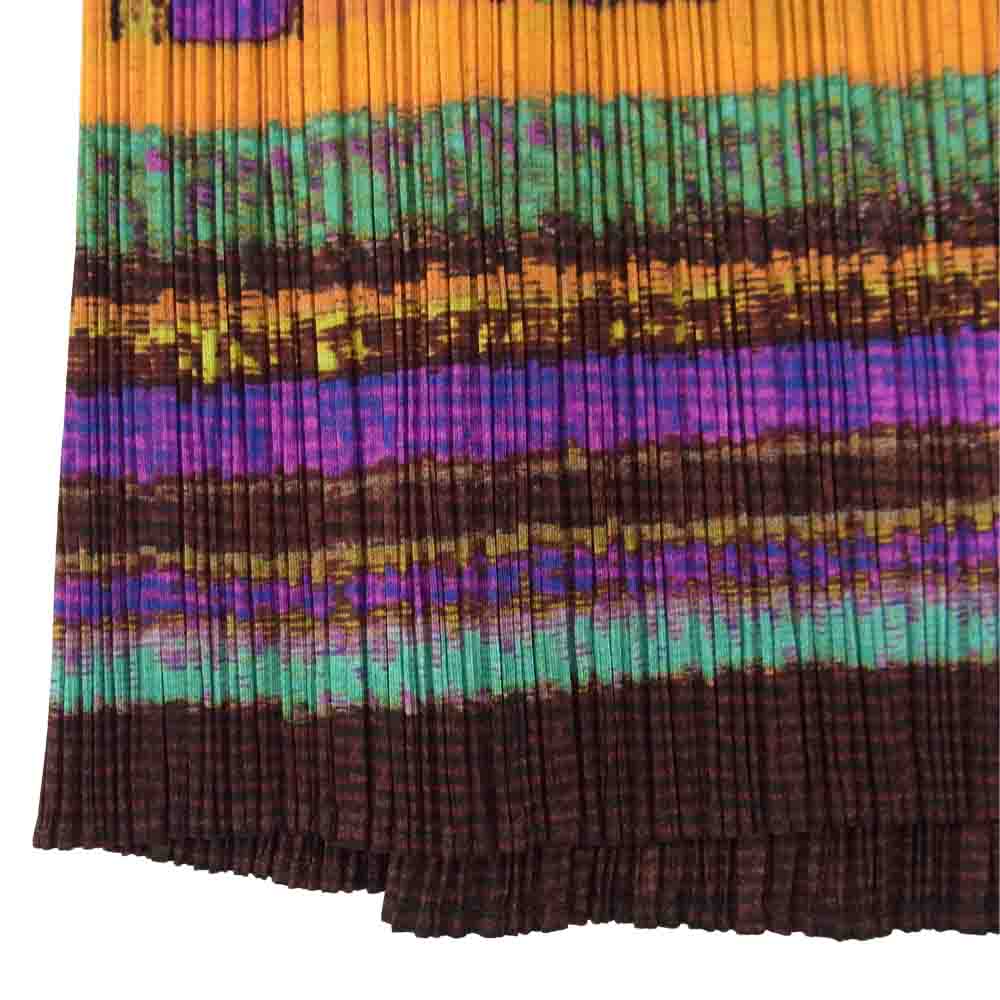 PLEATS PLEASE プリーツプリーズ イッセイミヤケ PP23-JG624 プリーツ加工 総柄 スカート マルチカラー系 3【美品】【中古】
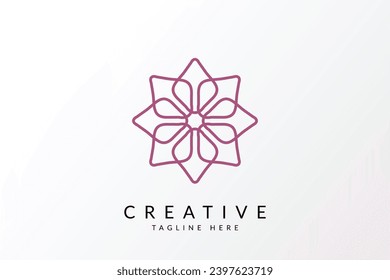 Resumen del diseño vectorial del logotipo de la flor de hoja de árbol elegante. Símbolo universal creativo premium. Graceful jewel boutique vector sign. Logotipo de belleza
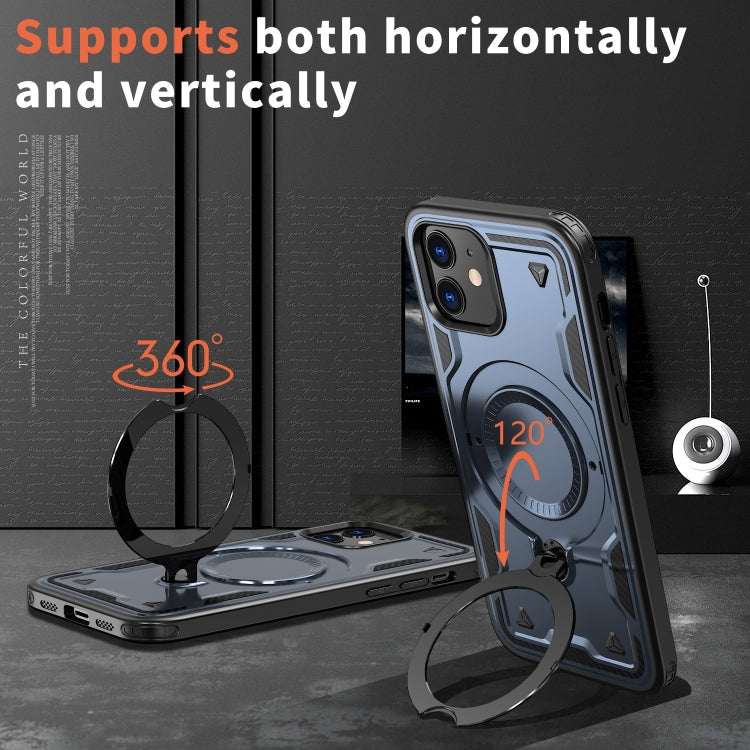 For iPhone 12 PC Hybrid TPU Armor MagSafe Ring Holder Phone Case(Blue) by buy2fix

TASK PROMPT: Transcribe all the data word for word; the images stay out.

OUTPUT FOR THIS EXERCISE:
 PLEATS PLEASE プリーツプリーズ イッセイミヤケ PP23-JG624 プリーツ加工 総柄 スカート マルチカラー系 3【美品】【中古】
 Resumen del diseño vectorial del logotipo de la flor de hoja de árbol elegante. Símbolo universal creativo premium. Graceful jewel boutique vector sign. Logotipo de belleza
 For iPhone 12 PC Hybrid TPU Armor MagSafe Ring Holder Phone Case(Blue) by buy2fix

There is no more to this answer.